Sometime in the early 90's, two Austrian art students bought a second hand Lomo and just loved the very elements of a lomo image that would have seen a professional photographer hurling it in the nearest river. The cult of lomography had been born. These days it is a world wide creative movement but like all movements, prone to misinterpretation. For example, you don't necessarily need to use a Lomo camera-which are still being made- to take a lomo photograph. Various cameras are classified as 'Lomography cameras' but what they have in common tends to be their technical lack of sophistication and agricultural build quality.


Lomography is often also referred to as Analogue or Lo-Fi photography. If you look on eBay at cameras being sold as 'Lomo' type  then you will see a huge array of cameras from quite sopisticated SLR cameras to 90's compacts. Basically, anyone selling a camera like this as a 'Lomo' camera is a con merchant. There are several cameras which are now included into the Lomo stable. Most notably the mass produced Chinese made Holga and the Diana. Both these cheap little plastic cameras use both 120 and 35mm film formats. The mainstays of the Lomo range tend to be Soviet/Chinese cameras such as the medium format Lubitel, the Cosmic Symbol/Smerna and the Seagull, but there are other cameras  from outside the old Soviet/China block which compliment the range. Like the mass produced mainstays from the East, these are inevitably totally unsopisticated plastic wind on 35mm film cameras which will take an image not unlike that taken by a Lomo or Holga. For example, in the last 12 months I've picked up a Prinz Junior camera-As sold by Dixons in the 1980's ( £4 in Church Stretton Antiques) and a similar model, an Inovar, ( £1.52 on eBay) which take Holga-esque images.

A fivers worth of 'Lomo'cameras.

A Lomo image is as distinct from a professional digital photograph as an Abstract expressionist painting is from a Pre-Raphealite work. Lacking the technical refinements of an expensive digital camera, a print image taken by a 'Lomo' camera is all about creating something different. Something which instinctively works through those very elements which would be seen as failings in a digital image.Over/under exposure, producing skewed light and shade, exaggerated colour and saturation, blurring and light slashes etc.


These days, a successful company in Europe is marketing Lomography as a life style choice. Promoting cameras like the original Lomo,(£300+ on some models) The sardine can La Sardinia ...the Sprocket Rocket ( A camera which shows the sprocket holes on a developed image) etc etc, but be warned. They charge an arm and a leg for these cameras. Much better for your bank balance if you scour the charity shops or eBay for a Lomo type camera.

 
Of course one area where digital will always triumph over film is in it's accessibility and ease of sharing images over the internet. Even if you live in a town with a local  film processing store, you will still need to cool your boots while waiting for your film to be developed. Then you will need to scan your prints if you want to use them on the net. However, there is something about a film image that works in that inimitable Lomo style which can't be replicated by photo editing of digital images. All editing suites these days it seems offer 'Lomo' and 'Holga' editing effects.Incidentally. the ubiquitous Instagram images and mobile phone photographic suites like Hipstamatic are unashamedly aping the Lo-Fi results of a lomograph film print.
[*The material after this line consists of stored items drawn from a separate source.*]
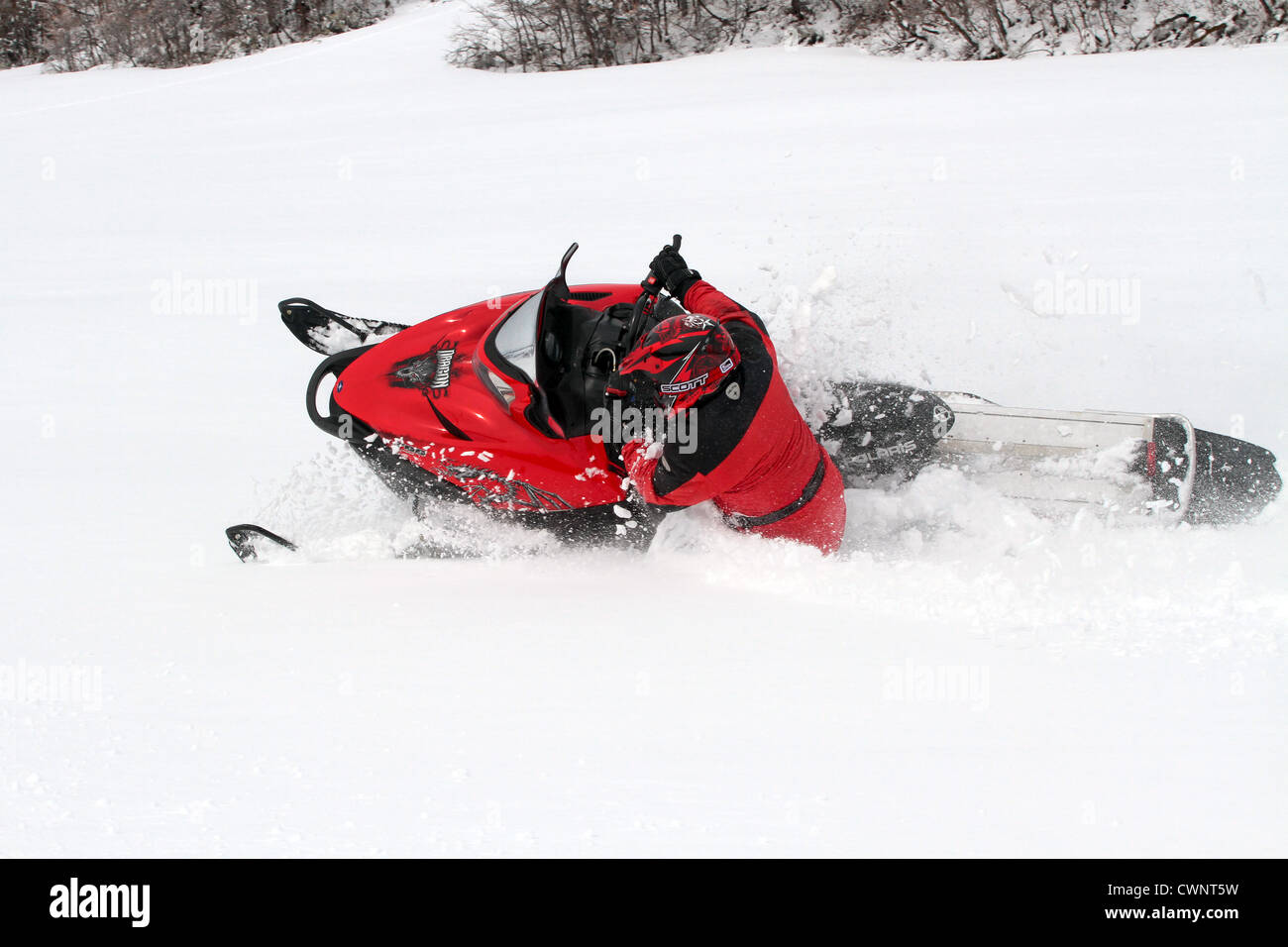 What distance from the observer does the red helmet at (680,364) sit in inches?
98.3

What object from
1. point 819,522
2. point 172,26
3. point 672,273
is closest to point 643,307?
point 672,273

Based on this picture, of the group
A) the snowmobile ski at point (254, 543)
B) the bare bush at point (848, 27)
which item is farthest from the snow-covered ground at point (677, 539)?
the bare bush at point (848, 27)

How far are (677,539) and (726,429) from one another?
2.18ft

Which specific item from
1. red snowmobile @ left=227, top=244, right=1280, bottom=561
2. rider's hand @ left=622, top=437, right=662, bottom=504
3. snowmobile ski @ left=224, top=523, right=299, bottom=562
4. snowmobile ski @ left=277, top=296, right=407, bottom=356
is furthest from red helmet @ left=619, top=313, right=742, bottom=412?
snowmobile ski @ left=224, top=523, right=299, bottom=562

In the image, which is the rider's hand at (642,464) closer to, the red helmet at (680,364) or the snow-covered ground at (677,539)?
the red helmet at (680,364)

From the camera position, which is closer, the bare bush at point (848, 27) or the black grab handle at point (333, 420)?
the black grab handle at point (333, 420)

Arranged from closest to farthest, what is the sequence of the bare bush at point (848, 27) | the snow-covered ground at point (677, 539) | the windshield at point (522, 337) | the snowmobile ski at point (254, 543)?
1. the snow-covered ground at point (677, 539)
2. the windshield at point (522, 337)
3. the snowmobile ski at point (254, 543)
4. the bare bush at point (848, 27)

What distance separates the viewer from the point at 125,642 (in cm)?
247

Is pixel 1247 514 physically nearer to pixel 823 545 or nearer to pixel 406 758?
pixel 823 545

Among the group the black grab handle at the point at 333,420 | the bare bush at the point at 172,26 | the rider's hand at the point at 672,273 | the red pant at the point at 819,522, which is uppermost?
the bare bush at the point at 172,26

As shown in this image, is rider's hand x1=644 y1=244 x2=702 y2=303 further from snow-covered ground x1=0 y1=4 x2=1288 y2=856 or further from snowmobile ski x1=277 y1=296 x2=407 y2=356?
snowmobile ski x1=277 y1=296 x2=407 y2=356

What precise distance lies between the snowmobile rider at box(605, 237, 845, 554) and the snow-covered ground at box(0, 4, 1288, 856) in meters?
0.20

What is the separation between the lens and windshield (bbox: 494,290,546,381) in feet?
9.08

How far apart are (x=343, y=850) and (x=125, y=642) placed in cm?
124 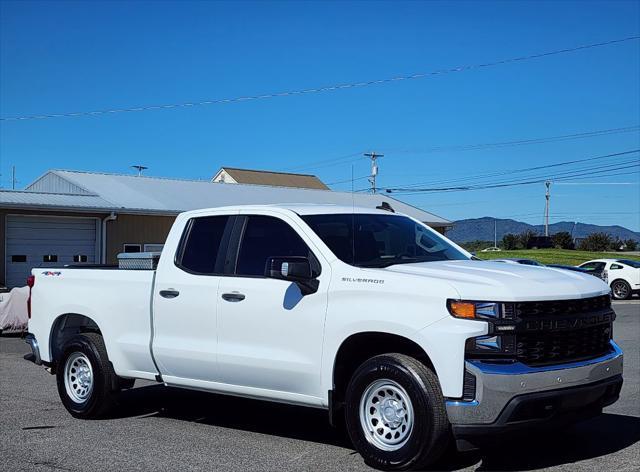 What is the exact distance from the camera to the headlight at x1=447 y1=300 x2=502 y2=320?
5734 mm

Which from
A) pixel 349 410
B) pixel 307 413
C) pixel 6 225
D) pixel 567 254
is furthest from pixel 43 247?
pixel 567 254

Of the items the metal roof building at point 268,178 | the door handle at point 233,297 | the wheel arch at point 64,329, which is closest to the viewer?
the door handle at point 233,297

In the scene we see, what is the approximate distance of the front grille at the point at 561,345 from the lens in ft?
19.1

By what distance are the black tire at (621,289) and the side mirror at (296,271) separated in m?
26.7

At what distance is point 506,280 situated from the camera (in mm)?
5953

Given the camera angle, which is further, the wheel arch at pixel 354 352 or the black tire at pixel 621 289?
the black tire at pixel 621 289

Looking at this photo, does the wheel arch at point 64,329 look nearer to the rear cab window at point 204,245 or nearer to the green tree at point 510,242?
the rear cab window at point 204,245

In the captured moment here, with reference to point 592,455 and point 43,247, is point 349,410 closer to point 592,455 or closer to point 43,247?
point 592,455

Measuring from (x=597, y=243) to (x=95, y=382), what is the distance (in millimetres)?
75794

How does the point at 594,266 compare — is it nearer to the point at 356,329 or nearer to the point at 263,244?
the point at 263,244

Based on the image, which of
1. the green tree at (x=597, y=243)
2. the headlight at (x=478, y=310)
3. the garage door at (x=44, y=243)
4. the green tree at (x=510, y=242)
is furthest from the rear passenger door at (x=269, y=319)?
the green tree at (x=510, y=242)

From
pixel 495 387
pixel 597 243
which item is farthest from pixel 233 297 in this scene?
pixel 597 243

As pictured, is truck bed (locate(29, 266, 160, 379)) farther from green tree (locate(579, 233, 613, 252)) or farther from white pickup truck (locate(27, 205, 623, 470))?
green tree (locate(579, 233, 613, 252))

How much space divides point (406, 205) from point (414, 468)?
36.9 m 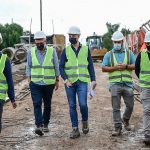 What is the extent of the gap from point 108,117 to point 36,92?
2.69 m

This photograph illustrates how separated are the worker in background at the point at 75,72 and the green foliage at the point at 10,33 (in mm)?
70130

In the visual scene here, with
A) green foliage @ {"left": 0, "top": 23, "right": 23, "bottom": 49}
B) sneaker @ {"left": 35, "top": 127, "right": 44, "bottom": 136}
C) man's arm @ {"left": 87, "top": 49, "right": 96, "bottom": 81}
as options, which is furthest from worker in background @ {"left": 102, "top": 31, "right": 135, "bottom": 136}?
green foliage @ {"left": 0, "top": 23, "right": 23, "bottom": 49}

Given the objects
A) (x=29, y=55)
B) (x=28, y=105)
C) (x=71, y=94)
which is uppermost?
(x=29, y=55)

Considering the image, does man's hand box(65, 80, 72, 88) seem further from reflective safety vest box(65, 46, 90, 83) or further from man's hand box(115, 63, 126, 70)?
man's hand box(115, 63, 126, 70)

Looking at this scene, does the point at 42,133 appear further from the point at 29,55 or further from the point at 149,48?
the point at 149,48

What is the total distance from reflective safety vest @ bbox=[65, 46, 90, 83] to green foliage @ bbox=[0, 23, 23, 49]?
230 feet

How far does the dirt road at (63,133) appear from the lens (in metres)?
8.46

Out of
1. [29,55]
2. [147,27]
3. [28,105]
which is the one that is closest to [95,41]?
[147,27]

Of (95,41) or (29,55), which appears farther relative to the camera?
(95,41)

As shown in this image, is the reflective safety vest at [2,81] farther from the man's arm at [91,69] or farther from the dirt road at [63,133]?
the man's arm at [91,69]

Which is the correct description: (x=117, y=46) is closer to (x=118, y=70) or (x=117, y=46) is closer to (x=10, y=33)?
(x=118, y=70)

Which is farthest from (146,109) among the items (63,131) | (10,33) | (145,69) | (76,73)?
(10,33)

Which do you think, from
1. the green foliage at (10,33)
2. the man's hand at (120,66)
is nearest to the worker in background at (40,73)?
the man's hand at (120,66)

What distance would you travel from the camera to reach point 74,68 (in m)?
9.34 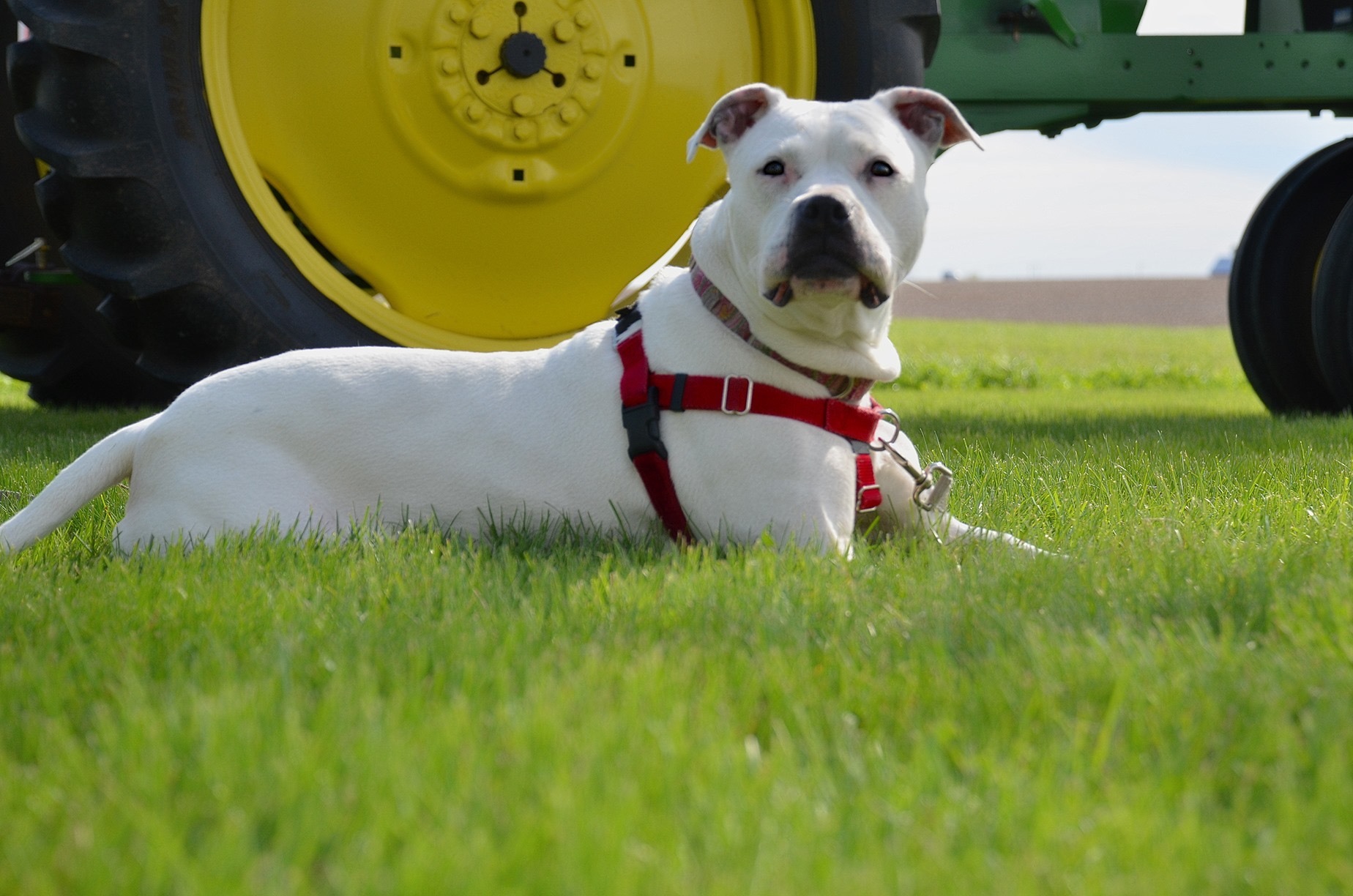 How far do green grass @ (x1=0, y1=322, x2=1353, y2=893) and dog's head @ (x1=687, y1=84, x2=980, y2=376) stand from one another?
506 mm

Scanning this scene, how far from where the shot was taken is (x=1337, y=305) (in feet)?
17.0

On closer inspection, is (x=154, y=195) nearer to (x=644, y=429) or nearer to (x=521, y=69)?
(x=521, y=69)

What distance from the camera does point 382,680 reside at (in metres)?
1.52

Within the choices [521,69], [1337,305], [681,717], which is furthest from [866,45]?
[681,717]

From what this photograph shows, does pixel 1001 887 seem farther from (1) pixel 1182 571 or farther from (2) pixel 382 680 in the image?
(1) pixel 1182 571

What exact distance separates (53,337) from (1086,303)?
90.0 ft

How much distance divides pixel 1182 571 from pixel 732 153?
4.20ft

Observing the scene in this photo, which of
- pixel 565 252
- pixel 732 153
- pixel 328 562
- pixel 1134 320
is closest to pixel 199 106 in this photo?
pixel 565 252

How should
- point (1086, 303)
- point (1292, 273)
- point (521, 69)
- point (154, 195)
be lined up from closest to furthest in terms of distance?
point (154, 195) < point (521, 69) < point (1292, 273) < point (1086, 303)

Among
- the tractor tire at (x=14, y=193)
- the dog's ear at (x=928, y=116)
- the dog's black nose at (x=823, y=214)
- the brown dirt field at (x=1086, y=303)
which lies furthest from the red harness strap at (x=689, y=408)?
the brown dirt field at (x=1086, y=303)

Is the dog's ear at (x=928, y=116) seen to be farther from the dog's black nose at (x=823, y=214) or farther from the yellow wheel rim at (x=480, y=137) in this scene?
the yellow wheel rim at (x=480, y=137)

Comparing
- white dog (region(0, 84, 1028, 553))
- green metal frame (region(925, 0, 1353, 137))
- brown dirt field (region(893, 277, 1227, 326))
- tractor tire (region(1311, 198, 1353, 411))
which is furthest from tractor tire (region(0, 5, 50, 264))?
brown dirt field (region(893, 277, 1227, 326))

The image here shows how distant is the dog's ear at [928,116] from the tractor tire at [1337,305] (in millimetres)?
3080

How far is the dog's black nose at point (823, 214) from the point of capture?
2.31m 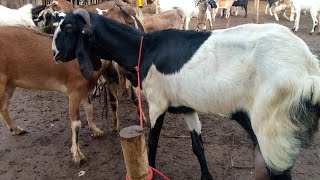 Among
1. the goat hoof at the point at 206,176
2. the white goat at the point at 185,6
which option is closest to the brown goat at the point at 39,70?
the goat hoof at the point at 206,176

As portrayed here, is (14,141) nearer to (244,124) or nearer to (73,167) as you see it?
(73,167)

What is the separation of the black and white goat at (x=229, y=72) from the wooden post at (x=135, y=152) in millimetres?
738

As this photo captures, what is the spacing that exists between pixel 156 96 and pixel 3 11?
7.25 meters

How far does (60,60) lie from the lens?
3365mm

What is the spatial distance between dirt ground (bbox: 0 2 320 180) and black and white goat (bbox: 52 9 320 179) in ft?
3.10

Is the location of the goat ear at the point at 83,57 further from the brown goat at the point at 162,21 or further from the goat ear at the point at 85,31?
the brown goat at the point at 162,21

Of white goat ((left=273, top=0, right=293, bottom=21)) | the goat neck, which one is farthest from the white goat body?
white goat ((left=273, top=0, right=293, bottom=21))

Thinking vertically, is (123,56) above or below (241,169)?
above

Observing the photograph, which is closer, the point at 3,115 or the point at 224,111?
the point at 224,111

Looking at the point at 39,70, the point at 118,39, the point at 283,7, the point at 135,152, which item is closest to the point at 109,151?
the point at 39,70

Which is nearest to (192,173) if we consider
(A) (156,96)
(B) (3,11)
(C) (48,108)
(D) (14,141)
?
(A) (156,96)

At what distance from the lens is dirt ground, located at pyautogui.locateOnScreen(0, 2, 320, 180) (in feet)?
Result: 13.1

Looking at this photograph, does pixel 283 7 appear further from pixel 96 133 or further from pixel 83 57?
pixel 83 57

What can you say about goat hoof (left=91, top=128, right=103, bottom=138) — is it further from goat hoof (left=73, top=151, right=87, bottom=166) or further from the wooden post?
the wooden post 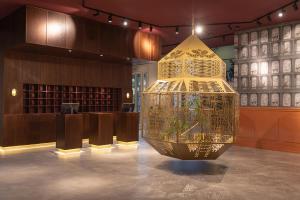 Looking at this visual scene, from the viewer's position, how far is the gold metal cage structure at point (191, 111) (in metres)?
5.39

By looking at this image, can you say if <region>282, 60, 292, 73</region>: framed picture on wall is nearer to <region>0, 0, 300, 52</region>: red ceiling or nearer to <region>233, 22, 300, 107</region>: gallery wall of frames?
<region>233, 22, 300, 107</region>: gallery wall of frames

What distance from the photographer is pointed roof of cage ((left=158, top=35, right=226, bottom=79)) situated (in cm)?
552

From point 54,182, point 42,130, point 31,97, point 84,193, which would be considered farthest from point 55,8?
point 84,193

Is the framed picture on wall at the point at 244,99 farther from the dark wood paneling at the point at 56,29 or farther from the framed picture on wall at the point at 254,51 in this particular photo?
the dark wood paneling at the point at 56,29

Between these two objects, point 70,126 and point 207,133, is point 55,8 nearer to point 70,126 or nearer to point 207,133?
point 70,126

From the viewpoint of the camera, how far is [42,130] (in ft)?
27.8

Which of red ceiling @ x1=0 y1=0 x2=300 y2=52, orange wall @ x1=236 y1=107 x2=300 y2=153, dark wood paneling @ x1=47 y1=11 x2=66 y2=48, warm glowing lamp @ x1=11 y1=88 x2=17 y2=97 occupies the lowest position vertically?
orange wall @ x1=236 y1=107 x2=300 y2=153

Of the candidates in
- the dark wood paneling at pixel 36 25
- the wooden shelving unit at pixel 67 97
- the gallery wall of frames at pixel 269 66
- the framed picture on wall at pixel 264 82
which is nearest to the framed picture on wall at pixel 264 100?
the gallery wall of frames at pixel 269 66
While digital photography is here to stay and will continue to sweep all other formats before it. The fact that it offers the punter endless possibilities in creating image perfection is for me it's Achilles heel. Who wants visual perfection. I've got two eyes in my head that can give me that. I want a format which skews perfection in an artistic and creative way. Given the huge success of Instagram then it's obvious that even a huge company like Google have picked up on that.



words and images John Appleby


1 comment:

  1. Hear Hear John, I well remember my first camera, a small plastic affair that produced dire results, but what magic those memories are, I still have a few prints that I produced in the early 60's and a classic shot of my school buddies 'sagging off' in town, taken on a child's roundabout in front of the Anglican Cathedral waste ground, many years before they hid the façade with all those horrid houses.